# This script was used to build sequence.davidje13.com

# It will install the sequence diagram code (and necessary environment)
# and install an nginx proxy server. It will also use the "let's encrypt"
# service to get SSH keys for the site.
# Security updates will be applied automatically.

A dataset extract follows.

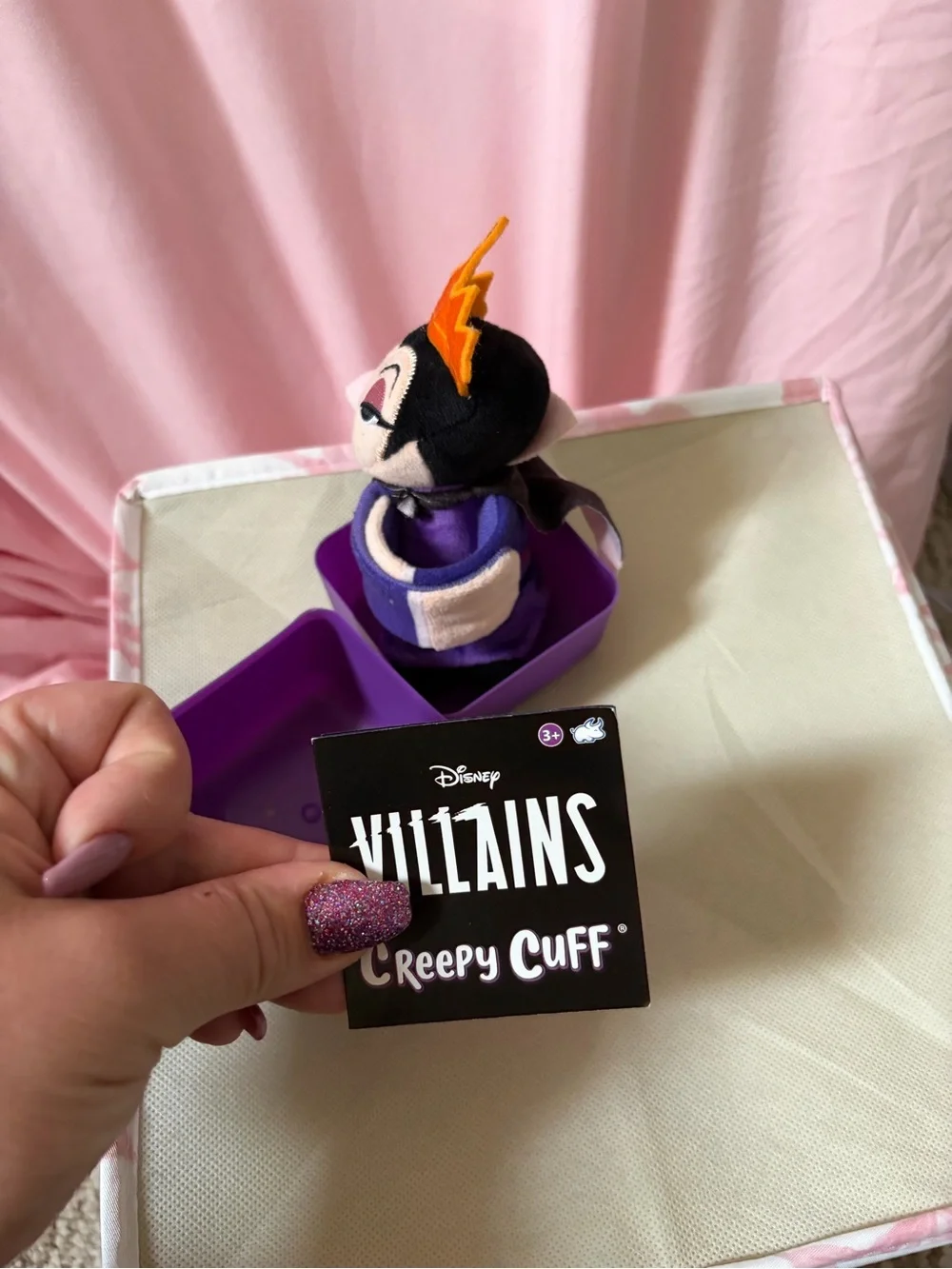 NEW Disney Evil Queen Cutie Cuff Plush Toy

Other updates can be
# applied by running:

# sudo apt-get update;
# sudo apt-get dist-upgrade;
# sudo shutdown -r now;      # if needed
# sudo apt-get autoremove;

# The github code can be updated by running:
# sudo /var/www/sequence/update.sh

# The AWS configuration used:

# EC2:
#  Community AMI: ami-0b91bd72, T2.micro, 8GB (only uses ~2GB but this is the minimum)
#  Use a security group which allows 80 (public), 443 (public) and 22 (your ip)
#  (assign elastic IP)

# Route53:
#  A   <domain>          <elastic ip>               (1day)
#  A   www.<domain>      <elastic ip>               (1day)
#  A   sequence.<domain> <elastic ip>               (1day)
#  CAA <domain>          0 issue "letsencrypt.org"  (1day)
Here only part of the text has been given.